Janzen, 94, died Dec. 10 in Owasso, Okla. The family plans services after the holidays.
Warren said he appreciated the mentorship and friendship Janzen shared.
"If he told you something, you knew it was 100% right."
Janzen was born March 21, 1928, in Medford, Okla. He was preceded in death by an infant daughter and his wife, Nelda Routon Janzen, whom he married in 1952. Survivors include a daughter, Jana Gorham, and husband David of Owasso; and a son, Jay Scott Janzen and wife Detra of Tyler, Texas.
Jana and David Gorham and Scott Janzen all followed in Eldon Janzen's footsteps and became band leaders.
"I used to hold the ladder for Dad at the football games when I was in junior high and high school," Jana Gorham said. "He seemed like a giant to me, and I was convinced that I was solely responsible for his safety as he conducted pregame and halftime. His 6-foot, 2-inch frame and size 15 feet seemed daunting, and he conducted with vigor."
"He was ultra humble," Warren said. "He spoke softly but carried a big stick.
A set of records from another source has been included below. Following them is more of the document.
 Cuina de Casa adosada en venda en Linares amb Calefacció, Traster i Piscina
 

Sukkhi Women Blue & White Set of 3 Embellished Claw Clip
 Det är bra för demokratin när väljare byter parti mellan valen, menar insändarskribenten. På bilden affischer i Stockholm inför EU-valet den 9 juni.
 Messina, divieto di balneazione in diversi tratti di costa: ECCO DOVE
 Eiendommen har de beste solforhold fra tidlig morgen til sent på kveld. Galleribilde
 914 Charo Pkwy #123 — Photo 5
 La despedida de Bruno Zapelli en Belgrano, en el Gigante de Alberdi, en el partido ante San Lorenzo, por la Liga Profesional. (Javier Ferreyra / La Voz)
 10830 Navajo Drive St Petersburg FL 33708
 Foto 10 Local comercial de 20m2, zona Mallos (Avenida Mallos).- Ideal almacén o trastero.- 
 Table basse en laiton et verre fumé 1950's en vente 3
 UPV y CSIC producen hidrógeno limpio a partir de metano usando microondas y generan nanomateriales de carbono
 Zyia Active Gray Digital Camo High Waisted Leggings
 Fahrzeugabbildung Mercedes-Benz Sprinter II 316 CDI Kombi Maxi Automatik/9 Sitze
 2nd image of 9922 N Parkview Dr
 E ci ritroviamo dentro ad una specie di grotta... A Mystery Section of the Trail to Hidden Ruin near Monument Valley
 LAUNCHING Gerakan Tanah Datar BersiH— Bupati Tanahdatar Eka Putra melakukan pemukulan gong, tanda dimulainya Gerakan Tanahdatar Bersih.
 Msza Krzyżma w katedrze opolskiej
"And he treated the undergrads like paid musicians."
And most mentoring came when Warren and Janzen were in the car going to lunch or over at the Janzen house for dinner.
"He would ask a question about something -- to see where you were. Then he would say, 'Have you ever considered ... ?'"
Scott Janzen said his dad was the same kind of father as he was a teacher.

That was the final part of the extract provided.